Ha in dotazione una sciarpa “Lupi Internazionali”che sul “lato B” sciorina un curriculum europeo da fare invidia a chiunque abbia la Roma nel cuore: quarantadue anni di viaggi continentali, 115 trasferte totali, quella di Leeds saltata soltanto all’aeroporto perché la febbre era a mille, gli stemmi di tutti gli avversari, nessuno escluso. Un mare, metaforico, in attesa di attraversarne altri due, reali. Dal Tirreno al Nero per approdare sul Caspio.

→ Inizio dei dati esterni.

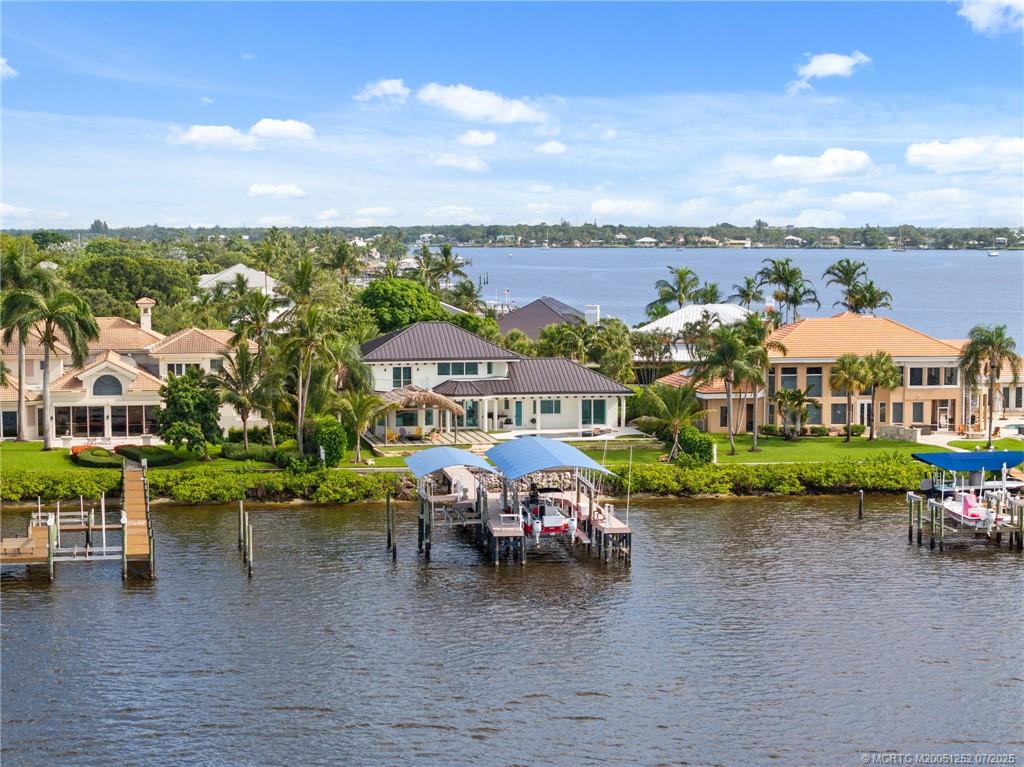 681 SW Bay Pointe Circle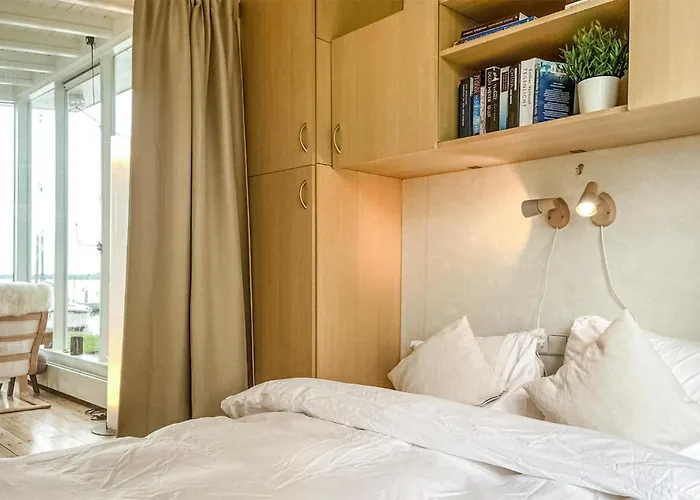 Lakehouse Дом отдыха *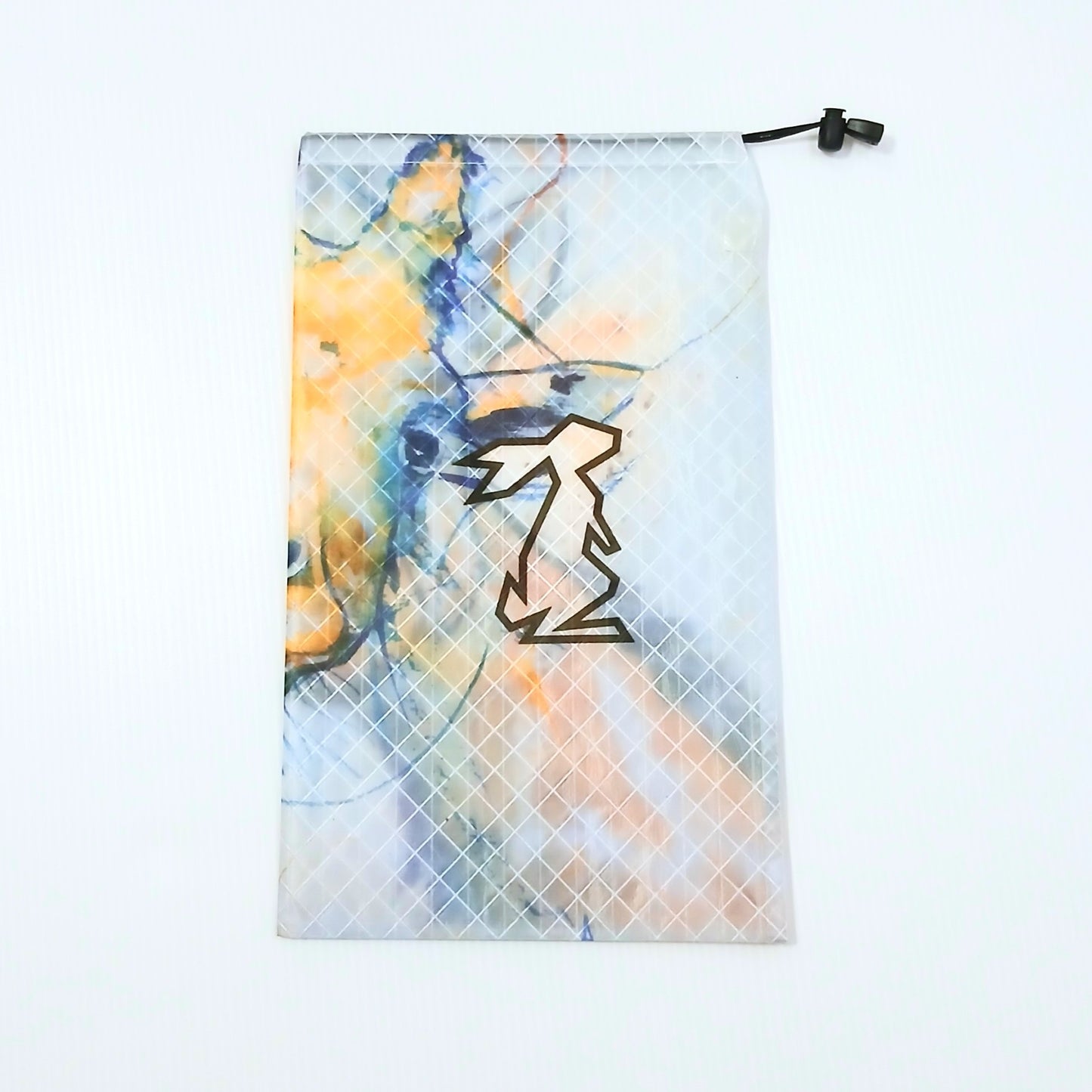 High Tail Designs Ultralight Drawstring Stuff Sack ドローストリングスタッフサック Giraffe 白地に山吹色と青の水彩でキリンの顔を左端に大きく描いたイラスト柄、中央に細い茶色のウサギ輪郭ロゴ、右半分は淡い余白の実物写真 - 山道具とULギアのお店 Ascend Lite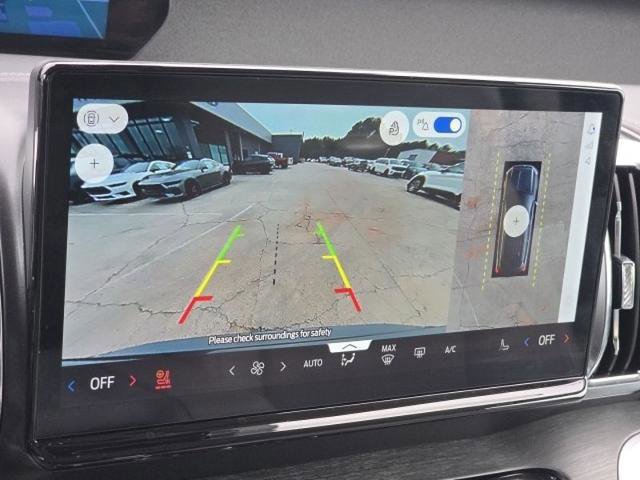 Certified 2025 Ford Expedition Platinum w/ Driver's Package image 25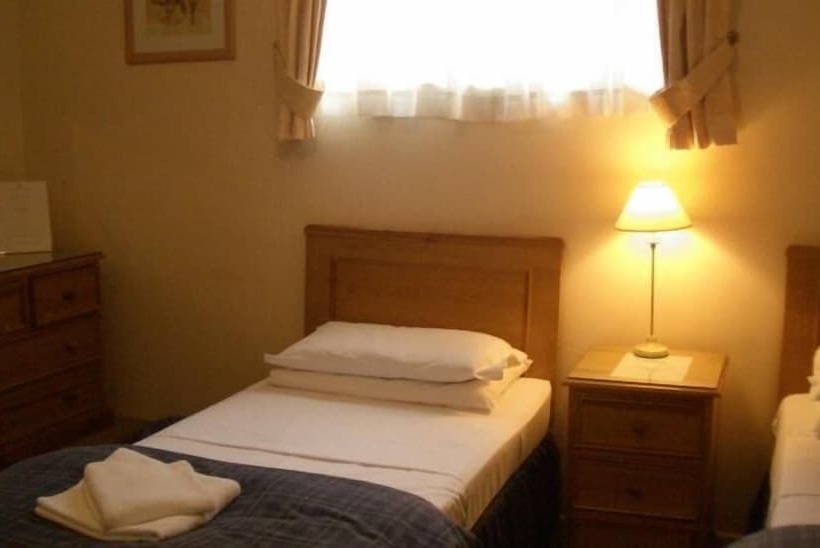 ペンション Shrewsbury Lodge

Eppure questa volta i chilometri da macinare sono un’enormità, e anche gli ostacoli da superare non mancano. A partire da quelli logistici, che non rendono la trasferta esattamente la passeggiata: scalo a Istanbul e durata degli spostamenti che si attesta sulle dieci ore complessive, comprese di fusi ma escluse le attese. Ne sa qualcosa Alessandro, 25 anni ma già una discreta esperienza al seguito della Roma, che di chilometri ne aggiunge 250 (di sola andata) ogni volta, arrivando da Cava de’ Tirreni. Poca differenza per lui, come per gli altri. Ne arrivano ancora, sono ragazzi di Curva ma non riconducibili ai gruppi organizzati. Hanno la luce negli occhi di chi si sposta per amore. Loro. Gli altri. Tutti. Sorridono e si abbracciano, bevono e cantano. E nell’aria riecheggia “Sarà bellissimo viaggiare insieme…”. Anche ai confini del mondo.
Maciniamo chilometri
I romanisti la Roma non l’hanno mai lasciata sola. Tantomeno in Europa. Nel 1980 in piena Guerra Fredda attraversarono la Cortina di Ferro arrivando sino a Jena: finì in tregenda. Zero-quattro in campo, eliminazione apocalittica (dopo il tre a zero dell’andata).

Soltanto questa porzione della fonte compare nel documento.